▸ **DATASET CONTENT**

■ ■ ■ ■ ■ ■ ■

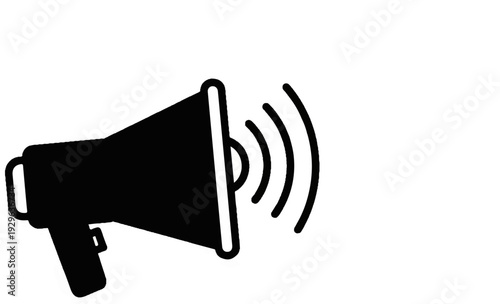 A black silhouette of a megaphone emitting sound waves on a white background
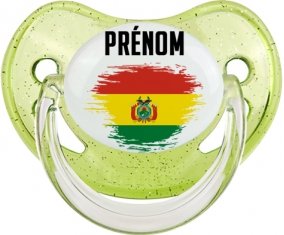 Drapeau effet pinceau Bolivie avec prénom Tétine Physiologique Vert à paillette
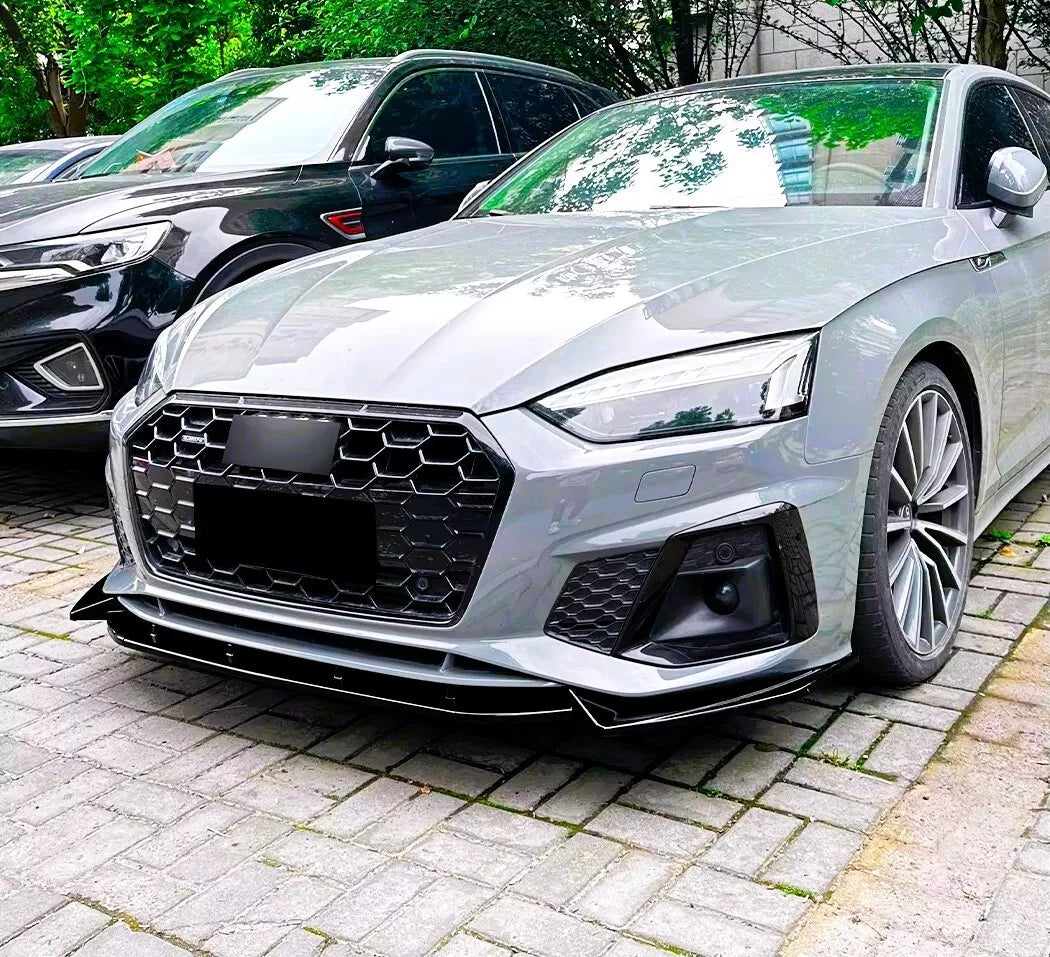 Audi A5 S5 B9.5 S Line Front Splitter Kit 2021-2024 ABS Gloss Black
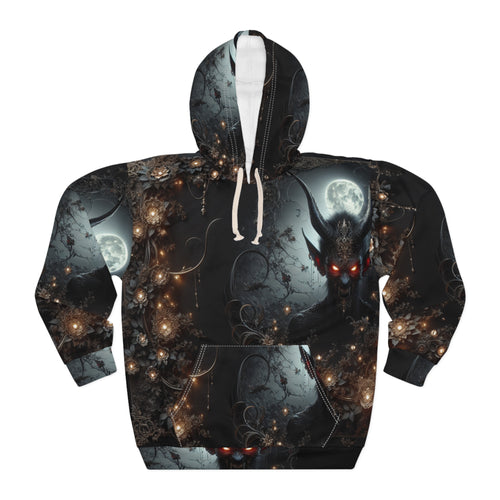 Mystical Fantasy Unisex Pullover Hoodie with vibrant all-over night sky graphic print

■ ■ ■ ■ ■ ■ ■

▸ **WHAT TO WORK ON**
If the listing above includes images, copy every line of it exactly except those images.

▸ **ANSWER SECTION**
 A black silhouette of a megaphone emitting sound waves on a white background
 Drapeau effet pinceau Bolivie avec prénom Tétine Physiologique Vert à paillette
 Audi A5 S5 B9.5 S Line Front Splitter Kit 2021-2024 ABS Gloss Black
 Mystical Fantasy Unisex Pullover Hoodie with vibrant all-over night sky graphic print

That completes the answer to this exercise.